State-owned Bharat Sanchar Nigam Ltd, or BSNL, after it got nearly decimated by private telecom operators in the business of voice calls, is leaving no stone unturned to get a piece of the action in the data business. As voice calls turn into a commodity, most telecom operators have started to focus on data, the next big thing.
In a move that will ease its cash flows, the Cabinet has given an in-principle approval to BSNL's long pending proposal to hive off its towers into a new subsidiary. The idea, of course, is to sell a stake in the towers company to an investor and unlock value. It is expected to be valued at Rs 20,000 crore.
Besides, an investment of about Rs 39,000 crore over the next five years has been lined up to expand its core network and to help it launch more services such as 4G and Wi-Fi.
To turn around the company, which is mandated to operate in the entire country except Delhi and Mumbai, won't be a simple matter, though. Cutthroat competition and constraints in its capacity expansion plan led BSNL to post a loss of Rs 1,823 crore in 2009-10 for the first time since its inception in 2000. The loss reached Rs 7,600 crore in 2013-14 and stood at Rs 7085 crore in 2014-15.
After taking over, Shrivastava had said that BSNL has been making losses mainly because of depreciation of assets and administrative costs, which account for 55 per cent of the revenues. However, the operational needs are being through internal cash accruals.

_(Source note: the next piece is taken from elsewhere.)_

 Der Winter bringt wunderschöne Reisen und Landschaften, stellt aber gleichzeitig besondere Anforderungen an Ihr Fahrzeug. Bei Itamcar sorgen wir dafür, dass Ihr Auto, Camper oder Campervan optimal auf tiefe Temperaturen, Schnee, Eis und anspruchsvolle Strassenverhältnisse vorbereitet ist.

"With a topline of Rs 28,000 crore and debt of Rs 4,500 crore, the situation is not that bad. The first priority is to change the direction of the company in such a way that losses are reduced year after year and there is enough compensation on depreciating assets," Shrivastava had said.
Will the recent initiatives help BSNL turn around? Or is the government throwing good money after bad? Is it headed the Air India way, where the government has sunk in thousands of crores but no signs of a swift turnaround are visible?
Thus, when BSNL was on the verge of signing an agreement with Mukesh Ambani's Reliance Jio for spectrum sharing, the other private telecom players including Bharti Airtel, Vodafone and Idea Cellular demanded an equal opportunity for themselves. The situation was well captured by a senior official in the ministry of communications and IT who said BSNL is turning out to be an eligible bride who is getting many suitors, and the government is indeed elated seeing this state of affairs.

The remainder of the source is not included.